DNS and TLS are two of the most painful parts of any production deployment, and OpenG2P customers — especially government departments — face a more constrained environment than the typical SaaS company. This page lays out the concepts, the real-world constraints we see in the field, and the patterns the OpenG2P automation builds around.

{% hint style="info" %}
This page is **conceptual**. For how the automation actually implements these patterns, see [Three-Node Automation](/operations/deployment/infrastructure-setup/three-node-automation.md) and [Single-Node Automation](/operations/deployment/infrastructure-setup/single-node-automation.md).
{% endhint %}

## The two layers

Every OpenG2P deployment has two distinct categories of URL, and they have very different DNS / TLS needs.

| Layer                | Audience                                               | Examples                                                                                   | Network exposure                                                 |
| -------------------- | ------------------------------------------------------ | ------------------------------------------------------------------------------------------ | ---------------------------------------------------------------- |
| **Admin / operator** | Internal staff, ops team, system integrators           | Rancher, Keycloak (admin SSO), Grafana, OpenSearch dashboards, Prometheus                  | Reachable only over Wireguard VPN — never on the public internet |
| **Citizen-facing**   | Public users (beneficiaries, applicants, agency staff) | Social registry portal, payments dashboard, eSignet, ODK Central, beneficiary self-service | Public internet                                                  |

The two layers have radically different DNS and TLS requirements. Conflating them is one of the main reasons deployment is harder than it needs to be.

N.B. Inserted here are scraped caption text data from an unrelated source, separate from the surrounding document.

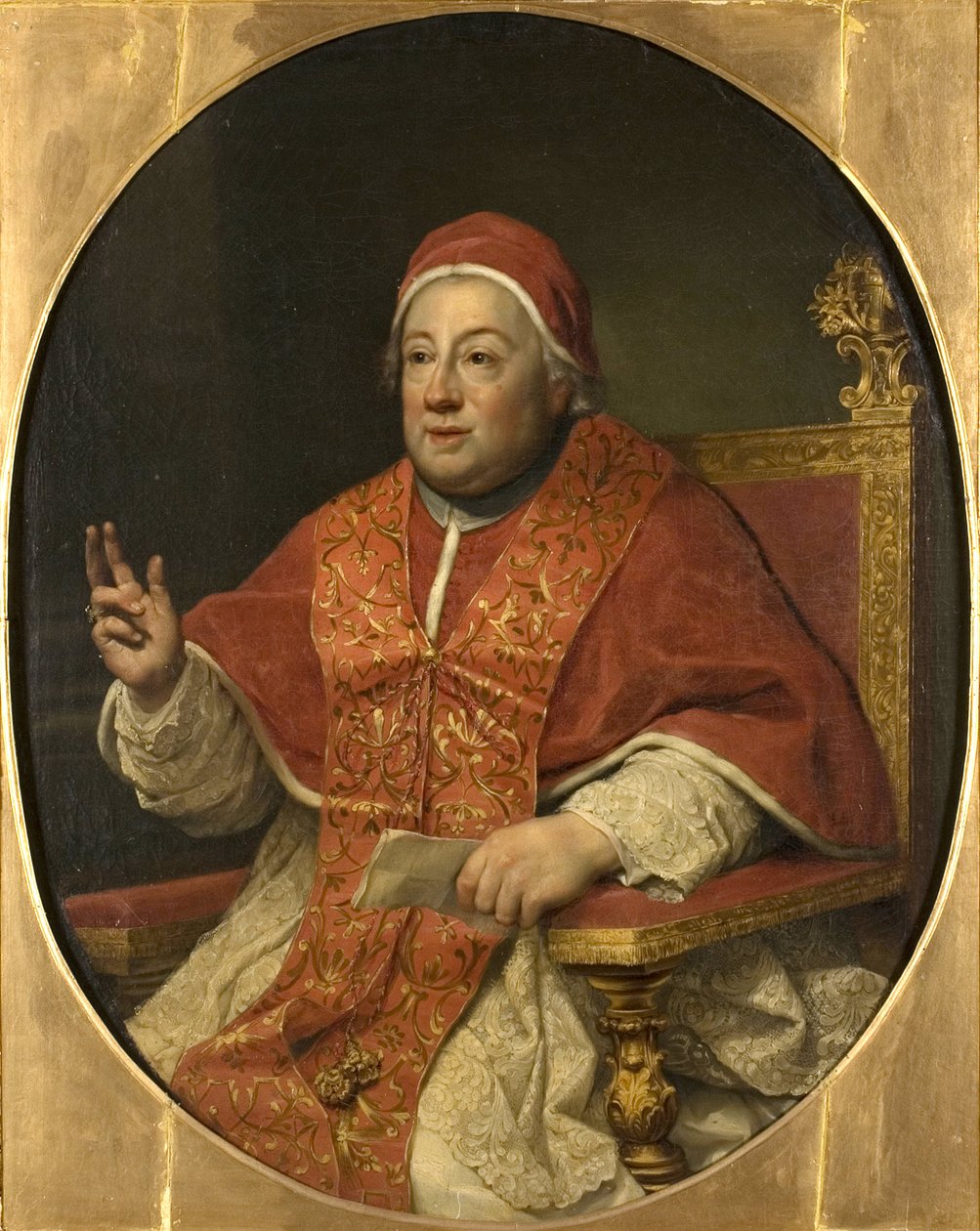 Porträt von Papst Clemens XIII. (1693-1769), von Anton Raphael Mengs von Anton Raphael Mengs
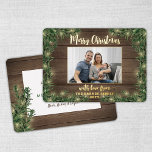 1 Photo Christmas Greenery, Rustic Wood & Lights Foil Holiday Card<br><div class="desc">Send joyful greetings and share one of your favourite pictures with a stylish custom photo holiday card. All text on this template is simple to personalise to include any wording, such as Merry Christmas, Happy Holidays, Seasons Greetings, New Year Cheers etc. (IMAGE PLACEMENT TIP: An easy way to centre a...</div>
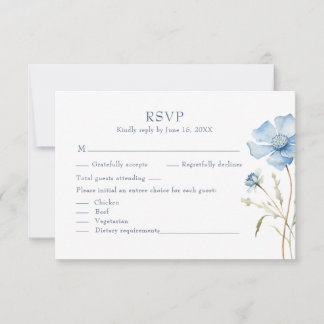 Blue Wildflower Garden Wedding RSVP Card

## Why customers struggle with DNS and certs

In a typical SaaS company, getting a domain name and a Let's Encrypt cert is a five-minute job. In a government department, it can be weeks of process. Common situations we see:

* The department doesn't own a public domain at all yet. Procurement is in progress.
* They own a domain but DNS is managed by a different team that takes weeks to add records.
* They have certificates from a sovereign or sectoral CA, but only as **per-FQDN** certificates — wildcards are forbidden by their security policy or their CA.
* They've procured certificates but don't know how to extract them from the system where they were originally installed (cPanel, IIS, another Nginx).
* They have certificates in formats they don't recognize (`.pfx`, separate `.crt` + `.ca-bundle` + `.key`, ZIP bundles from commercial CAs).
* For wildcards specifically: only **DNS-01** validation works, and the team operating their authoritative DNS doesn't know what an ACME TXT record is.

The OpenG2P automation is designed around these realities, not around an idealized DevOps environment.

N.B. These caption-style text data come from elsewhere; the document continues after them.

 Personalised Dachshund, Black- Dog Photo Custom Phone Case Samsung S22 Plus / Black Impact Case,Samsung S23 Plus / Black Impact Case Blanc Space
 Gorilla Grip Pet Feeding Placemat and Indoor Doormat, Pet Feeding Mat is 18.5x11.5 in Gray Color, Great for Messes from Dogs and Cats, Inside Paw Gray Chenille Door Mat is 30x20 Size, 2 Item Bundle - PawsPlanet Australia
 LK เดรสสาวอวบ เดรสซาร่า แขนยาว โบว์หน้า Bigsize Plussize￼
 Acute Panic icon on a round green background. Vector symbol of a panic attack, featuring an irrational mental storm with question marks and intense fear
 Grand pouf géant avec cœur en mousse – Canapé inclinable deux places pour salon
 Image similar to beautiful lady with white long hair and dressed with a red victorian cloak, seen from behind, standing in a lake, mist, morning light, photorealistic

## Admin tools — internal DNS and self-signed certs

For Rancher, Keycloak admin, monitoring dashboards, and similar **operator tools**, we use a self-contained scheme that requires zero external dependencies:

* **Internal domain** — a single TLD reserved for private use, default `openg2p.internal`. ICANN reserved `.internal` in 2024 specifically for this purpose, so it's guaranteed never to clash with public DNS.
* **Local DNS server** (`dnsmasq`) on the reverse-proxy node, listening on the Wireguard interface. Resolves `*.openg2p.internal` to the reverse-proxy's private IP. Only Wireguard peers can reach it.
* **Local Certificate Authority** generated on the reverse-proxy node. A 10-year CA root, used to issue a wildcard `*.openg2p.internal` leaf certificate (2-year validity, renewable in place).
* **CA certificate distributed once to admin laptops**. After installing it in the OS trust store, browsers accept the self-signed certs without warnings.

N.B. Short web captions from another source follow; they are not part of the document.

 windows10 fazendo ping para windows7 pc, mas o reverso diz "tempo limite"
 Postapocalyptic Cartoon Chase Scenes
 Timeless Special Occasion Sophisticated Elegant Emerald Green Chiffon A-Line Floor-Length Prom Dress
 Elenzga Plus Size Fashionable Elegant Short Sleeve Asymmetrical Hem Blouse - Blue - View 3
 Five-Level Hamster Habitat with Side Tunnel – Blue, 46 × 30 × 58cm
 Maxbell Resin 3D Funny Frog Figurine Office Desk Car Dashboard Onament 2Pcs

{% hint style="success" %}
**The customer needs nothing for the admin layer.** No domain registration, no DNS records, no commercial certificates. Connect to Wireguard, install the CA, you're done.
{% endhint %}

This pattern works because admin tools are by definition internal. Exposing Rancher publicly is rarely needed and almost always a security mistake. Most government deployments specifically require admin access to be VPN-only.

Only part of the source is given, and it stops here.